OK, for those who recognise the second half of the above title I will immediately put your mind at rest: this post has nothing to do with politics (at least not directly)!
On Monday, President of the Family Division Sir James Munby handed down his judgment in Re Z, in which he decided that a parental order cannot be made on the application of a single parent. The judgment was interesting to me, as it was the first time I can recall reading a discussion of the concept of ‘reading down’ in the context of the Human Rights Act 1998 (I clearly did not read the previous cases on the subject!). For the uninitiated, reading down here refers to section 3(1) of the Act, which says:
“So far as it is possible to do so, primary legislation and subordinate legislation must be read and given effect in a way which is compatible with the Convention rights.”
In other words, any legislation that is not compatible with the European Convention on Human Rights (in particular legislation that predates the Human Rights Act) will, if possible, be interpreted in such a way as to make it compatible. It seems, on the face of it, a fairly straightforward concept, and as most of our legislation must surely be compatible anyway, I had not previously considered that there might be instances when legislation cannot be ‘read down’ in accordance with section 3(1).

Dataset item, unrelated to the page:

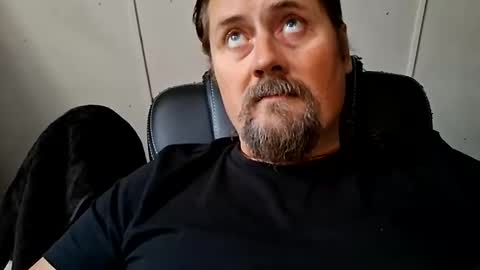 men10_12_1983 online show from September 12, 8:14 am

However, Re Z shows that such situations can and do exist. In the course of his judgment the President helpfully set out the law on what is and is not permissible when it comes to reading down in accordance with section 3(1). In particular, he referred to the key authority on the subject, the decision of the House of Lords in Ghaidan v Godin-Mendoza, in which Lord Nicholls said:
“Section 3 is open to more than one interpretation. The difficulty lies in the word “possible”. Section 3(1), read in conjunction with section 3(2) and section 4, makes one matter clear: Parliament expressly envisaged that not all legislation would be capable of being made Convention-compliant by application of section 3. Sometimes it would be possible, sometimes not.”
So how does a court decide what is possible? Lord Nicholls again:
“Parliament … cannot have intended that in the discharge of this extended interpretative function the courts should adopt a meaning inconsistent with a fundamental feature of legislation … Parliament has retained the right to enact legislation in terms which are not Convention-compliant. The meaning imported by application of section 3 must be compatible with the underlying thrust of the legislation being construed.”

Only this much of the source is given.